If our goal is to minimize consumption, it would make sense to promote using a smart thermostat. Only a small fraction of people used it in 2015. Hopefully, this percentage has increased by 2019.
Also, the larger the home is, the harder it is to keep it warm. Winter temperature when someone is home during the day vs. total square footage plot shows that there is a negative trend:
Correlation heatmap
The size of the home is predictably the most important factor, so is the number of rooms, refrigerators used, the number of televisions used, frequency of clothes dryer use, a number of inside light bulbs turned on at least 4 hours a day. The correlation heatmap, as well as the top 20 variables with the highest correlation with the target variable, are shown below:
Total square footage vs. total energy usage
Plot Total square footage (log) vs. total energy usage shows that knowing the area of the home, we can easily predict upper bound - it’s a diagonal line, with no outliers beyond it. Total square footage is so powerful predictor variable, that in order to see the effect of some categorical variables (below), I added energy used by sq ft: *‘btu_per_sqft’ * variable.
Energy usage per sq. ft. vs. years when housing unit was built
This plot shows a clear trend that newer houses are more energy efficient. This can serve as another reason to persuade the contractor’s client to build new construction, rather than renovate.

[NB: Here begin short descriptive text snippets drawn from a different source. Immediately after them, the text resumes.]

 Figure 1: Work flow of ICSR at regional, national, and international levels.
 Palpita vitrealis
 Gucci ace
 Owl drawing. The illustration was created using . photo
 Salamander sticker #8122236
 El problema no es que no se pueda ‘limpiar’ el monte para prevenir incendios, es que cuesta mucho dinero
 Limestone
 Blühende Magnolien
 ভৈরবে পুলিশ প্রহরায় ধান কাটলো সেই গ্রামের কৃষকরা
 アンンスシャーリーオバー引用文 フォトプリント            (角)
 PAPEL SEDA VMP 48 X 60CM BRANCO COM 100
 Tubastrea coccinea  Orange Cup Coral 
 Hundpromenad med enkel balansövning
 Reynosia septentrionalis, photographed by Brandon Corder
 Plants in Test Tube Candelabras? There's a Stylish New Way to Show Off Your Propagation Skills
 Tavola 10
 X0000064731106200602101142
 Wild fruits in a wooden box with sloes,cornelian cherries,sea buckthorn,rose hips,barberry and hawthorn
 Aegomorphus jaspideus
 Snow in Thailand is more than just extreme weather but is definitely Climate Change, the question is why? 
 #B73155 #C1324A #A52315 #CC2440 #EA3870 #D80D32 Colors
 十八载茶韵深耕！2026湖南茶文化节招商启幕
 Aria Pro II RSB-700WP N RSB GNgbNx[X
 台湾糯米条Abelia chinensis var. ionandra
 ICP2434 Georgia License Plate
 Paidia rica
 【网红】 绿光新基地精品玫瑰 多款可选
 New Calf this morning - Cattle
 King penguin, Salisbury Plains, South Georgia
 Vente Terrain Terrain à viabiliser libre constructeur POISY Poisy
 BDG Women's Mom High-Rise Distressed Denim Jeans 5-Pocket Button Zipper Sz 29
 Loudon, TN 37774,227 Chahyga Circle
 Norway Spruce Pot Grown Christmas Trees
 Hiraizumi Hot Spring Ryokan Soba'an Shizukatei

Energy usage per sq. ft. for housing unit types per own or rent
People who rent spend more per sq ft than whose who owns for every unit type, except for 2-4 units apartments. Those, knowing if the unit is owner or renter occupied, we can expect higher consumption. People who occupied without payment of rent spend so much more. Perhaps, they are not financially responsible for utilities as well, that’s why not eager to use thoughtfully. May be programs which will educate people about the environmental impact of wasteful use for such people could make a difference, if money can’t.
T-test below confirms that average consumption per sq ft, as well as total consumption for people who owns and who rents are different (significant p-value):
Ttest_indResult(statistic=-5.092762322269505, pvalue=3.740187974122832e-07)
Energy usage per sq. ft. vs. main space heating equipment type
Energy usage per sq. ft. vs. main space heating equipment type plot basically shows the efficiency of heating equipment. For example, a steam/hot water system with radiators or pipes is visibly less effective than the central furnace, and both are outperformed by a heat pump.
For potential HVAC company, this can be valuable information to convince their customers to change the system to a heat pump.
Also, I tested the hypothesis that having or not having certain appliances in the home affects total consumption using the t-test. We have to reject the null hypothesis that having or not having clothes washer at the home has no effect on consumption. Same for clothes dryer, dishwasher, and even coffee maker.